On Sat, Apr 25, 2020 at 09:39:14AM -0700, Christopher Barker wrote: [...]
File handling code ought to be resilient in the face of such meaningless differences,
sure. But what difference is "meaningless" depends on the use case. For instance, comments or blank lines in the middle of a file may be a meaningless difference. And you'd want to handle that before zipping anyway.
Probably. But once you get past that simple zip(*files) pattern, the whole processing loop becomes more complex and it isn't so obvious that you'll end up using zip *at all* let alone the proposed strict version. [...]
So my argument is that anything you want zip_strict for is better handled with zip_longest -- including the case of just raising.
That is quite the leap! You make a decent case about handling empty lines in files, but extending that to "anything" is unwarranted.
Okay, fair point -- I should have said "just as well or better" rather than just better. And it's not an unwarranted leap, because you can easily implement zip_strict from zip_longest. zip_longest provides all the functionality of zip_strict, plus more: * zip_strict can *only* raise if there is a mismatch; * zip_longest can raise, or truncate, or pad the data with a default; you can transform the short data in any way you want. * A few days ago, I needed a version of zip that simply ignored missing values: zip_shrinking(['ab', '1234', 'xyz']) --> a1x b2y 3z 4 and I knocked up one using zip_longest in about thirty seconds. If we could only have one version of zip, it would be a no-brainer to choose zip_longest.
I honestly do not understand the resistance here. Yes, any change to the standard library should be carefully considered, and any change IS a disruption, and this proposed change may not be worth it. But arguing that it wouldn't ever be useful, I jsut don't get.
I am sorry if I have given you the impression that I believe that there is *never* any reason to validate equal lengths. That is not my position, and I apologise if I said anything that gave you that idea. Of course I don't believe that there is no code anywhere in the world that could make use of a zip_strict, that would be silly, but I do have serious doubts that the use-cases are all three of sufficiently important, common, and performance sensitive to justify making it a builtin. We have five options here: - Status quo wins a draw: do nothing. - Add a new builtin. - Add a flag to zip(). - Add a zip_strict to itertools. - Add a recipe to itertools showing how to do it. If Raymond agrees, I wouldn't oppose a version in itertools, even though I have my doubts about its usefulness and I think that it will more often be an attractive nuisance than an actual help. But the barrier to entry for the stdlib is lower than for builtins. I also dislike the proposed builtin API: bool flag arguments are, in my opinion, a code-smell. Now I could be convinced to change my mind by a sufficiently compelling set of use-cases, but so far they've been disappointingly weak to my mind. I also think that we don't yet have a good design for what it should do. Is the intent to make an assertion about program logic, as Brandt says? In this case, it should raise AssertionError and it should be disabled when other assertions are disabled. Or is the intent to have an exception we intend to catch and (somehow?) recover from? In this case, the most likely exception is ValueError. I know some people don't care what exception code raises. I've seen lots of people raise AssertionError for bad user data, or missing files. I've seen people raise TypeError for things that have nothing to do with types. But for me, chosing the right exception type and behaviour is important. It's about communicating intent. [...]

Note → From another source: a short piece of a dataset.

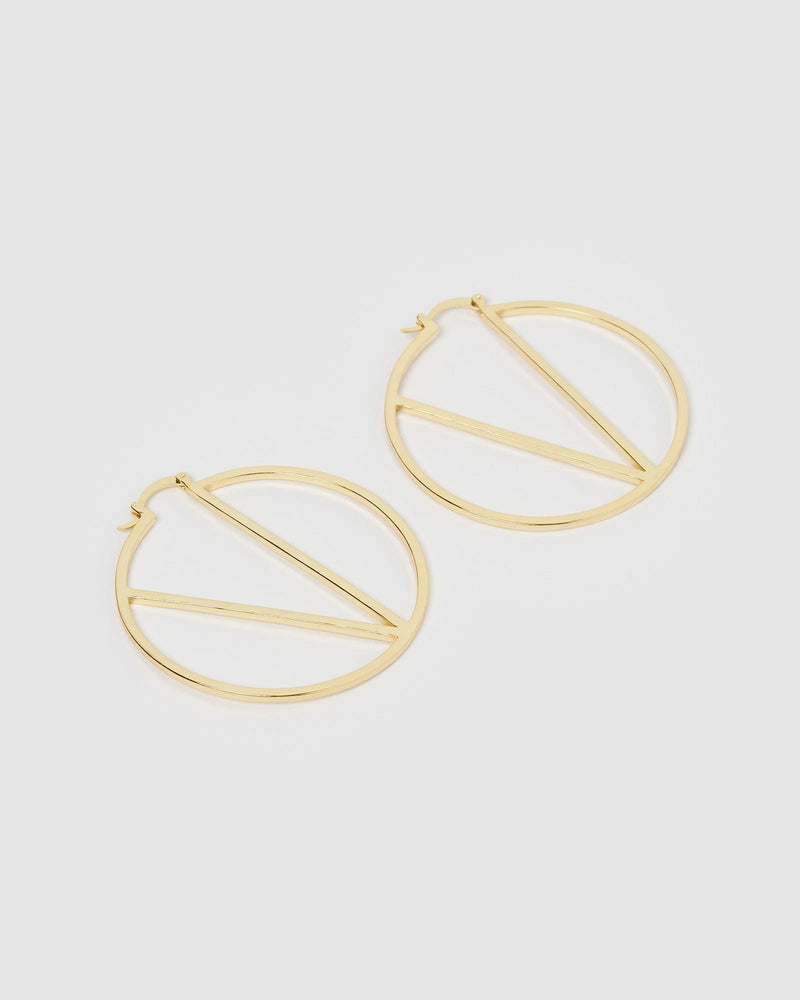 Izoa Alphabet Letter V Hoop Earrings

* Many uses (most?) do expect the iterators to be of equal length. - The main exception to this may be when one of them is infinite, but how common is that, really?
Common and useful! Really. But plain old zip isn't going to go away, so let's leave this. [...]
So: if this were added, it would get some use. How much? hard to know. Is it critically important? absolute not. But it's fully backward compatible and not a language change, the barrier to entry is not all that high.
Of course it's a language change. If we add this to zip, other Python interpreters will have to follow once they catch up to version 3.9 or 3.10.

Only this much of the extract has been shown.